■ **WORK TO COMPLETE**
Leave the pictures out and restate every line below exactly.

■ **EXERCISE DATA**
+ + + + + + +
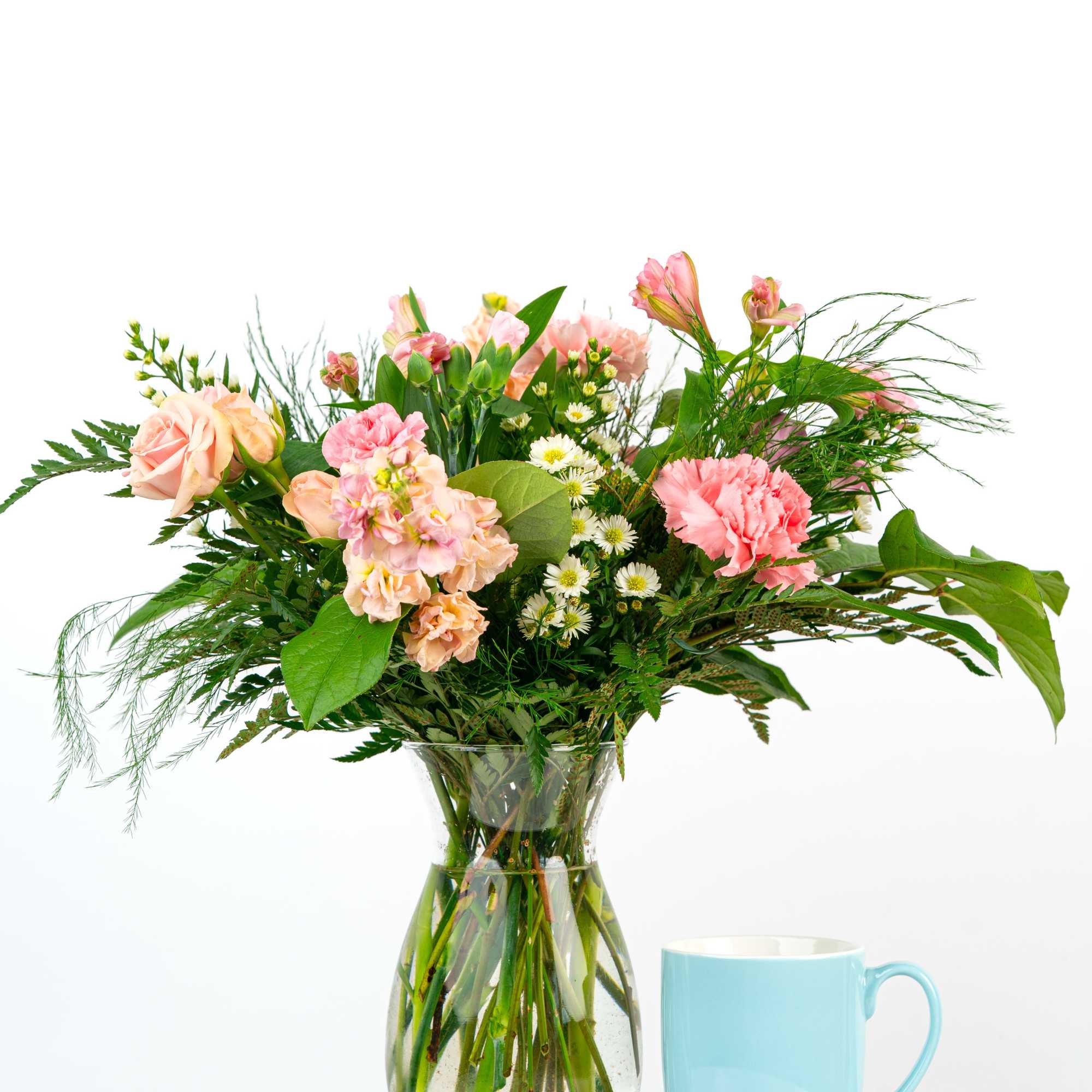 Mixed bouquet of pink and peach flowers in a clear vase beside a light blue mug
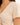 Close-up of a light beige top featuring a deep V-neck and gathered detailing at the front.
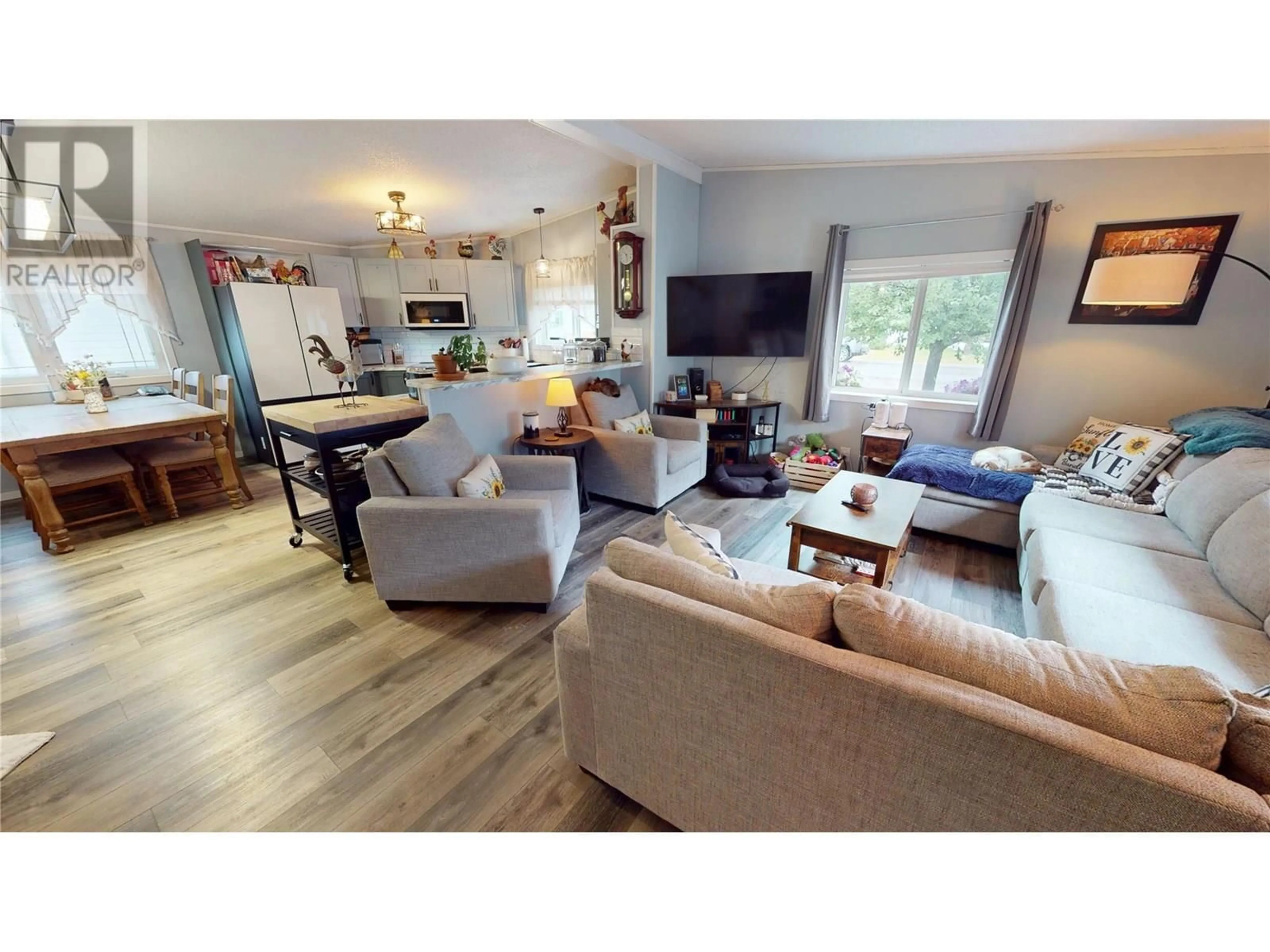 Living room with furniture, wood/laminate floor for 19 SLALOM DRIVE, Fernie British Columbia V0B1M4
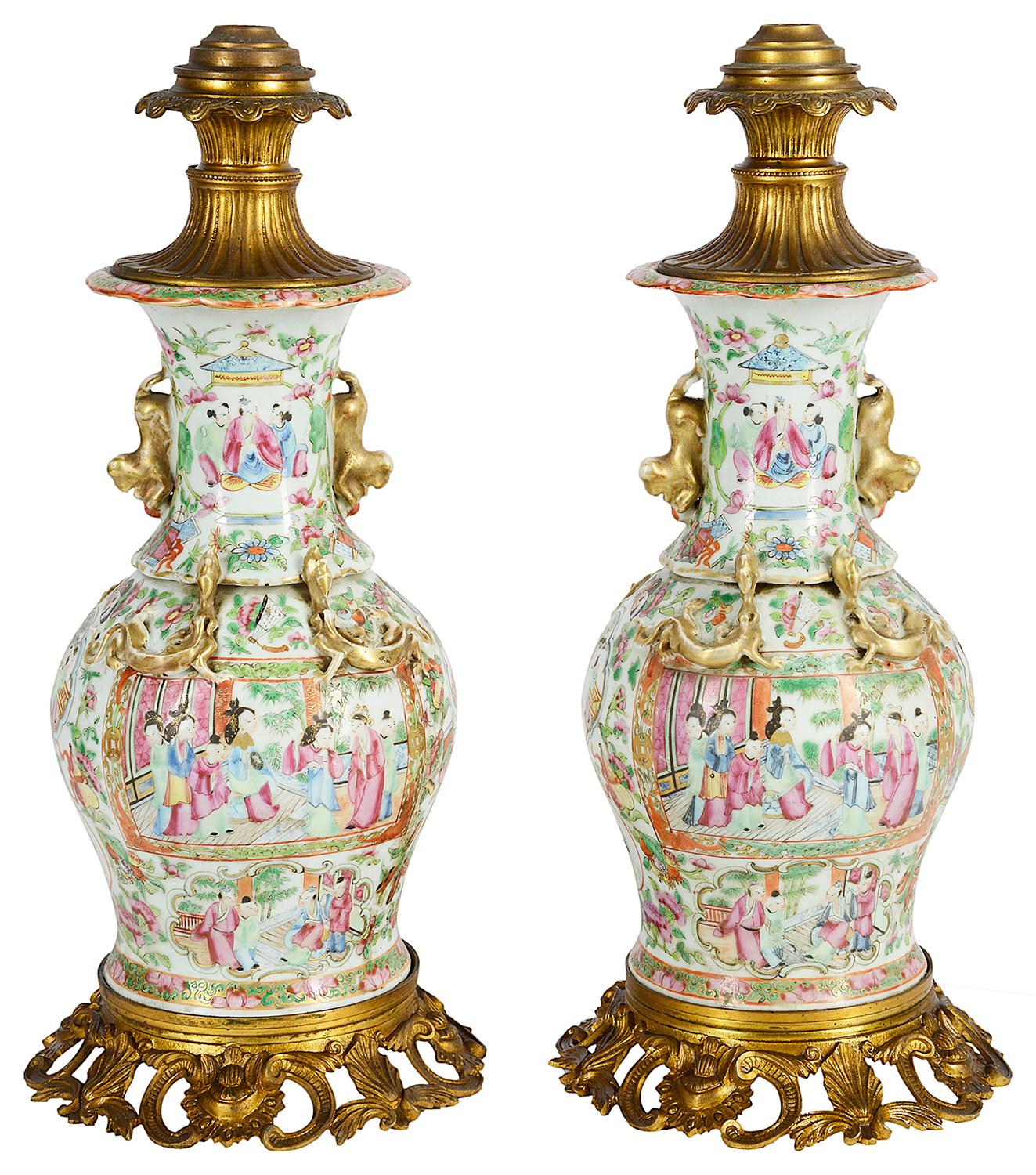 A good quality pair of Chinese Cantonese / rose medallion bellied vases / lamps. Each with wonderful gilded ormolu scrolling foliate mounts top and bottom. Dog of faux gilded porcelain handles on either side and lizards below. Inset painted panels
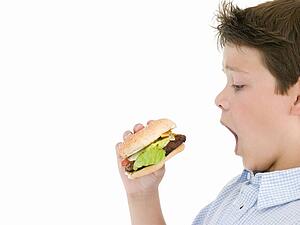 Young boy eating cheeseburger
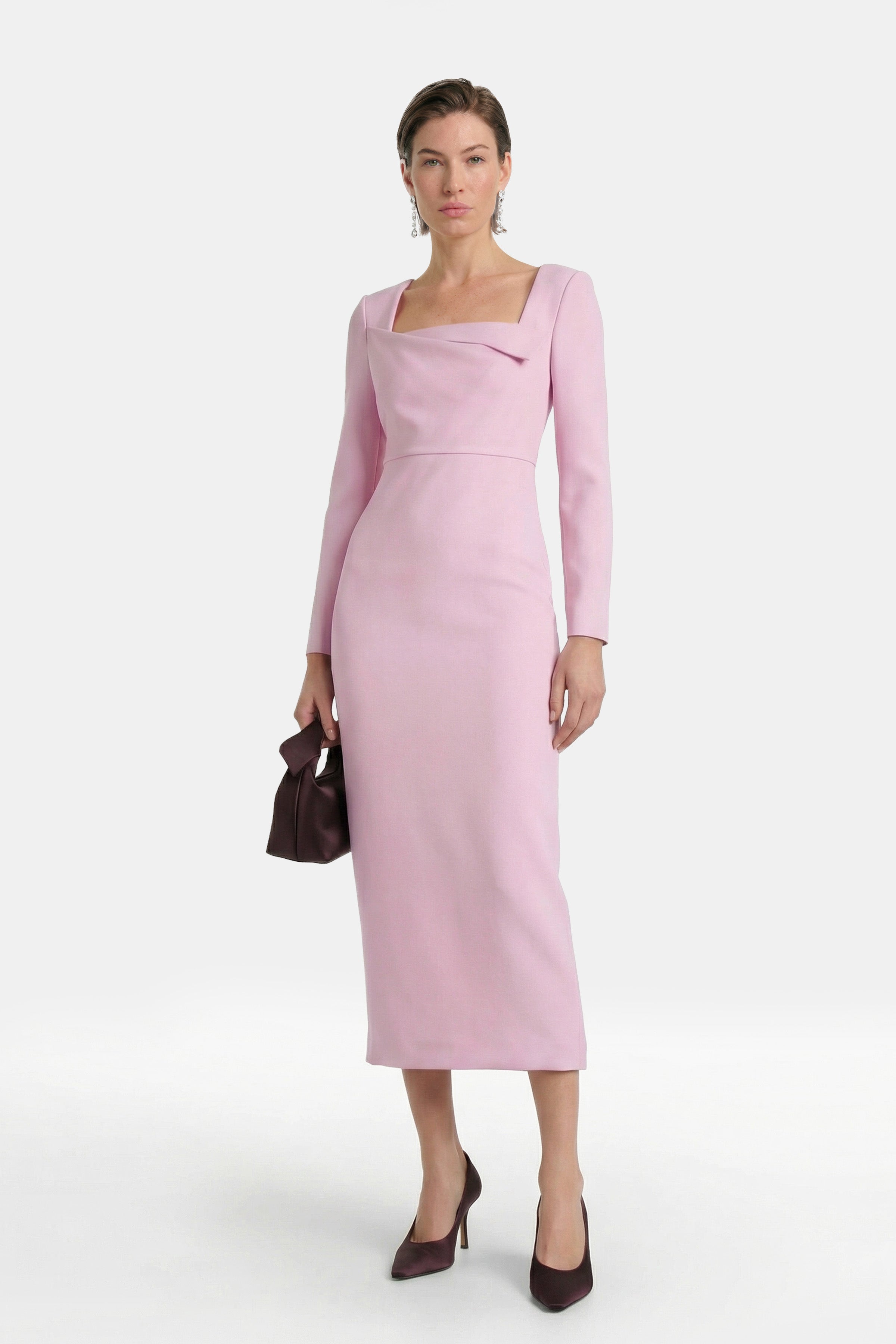 Model in pink midi dress, long sleeves, square neckline, holding a brown handbag.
+ + + + + + +
■ **EXPECTED ANSWER**
 Mixed bouquet of pink and peach flowers in a clear vase beside a light blue mug
 Close-up of a light beige top featuring a deep V-neck and gathered detailing at the front.
 Living room with furniture, wood/laminate floor for 19 SLALOM DRIVE, Fernie British Columbia V0B1M4
 A good quality pair of Chinese Cantonese / rose medallion bellied vases / lamps. Each with wonderful gilded ormolu scrolling foliate mounts top and bottom. Dog of faux gilded porcelain handles on either side and lizards below. Inset painted panels
 Young boy eating cheeseburger
 Model in pink midi dress, long sleeves, square neckline, holding a brown handbag.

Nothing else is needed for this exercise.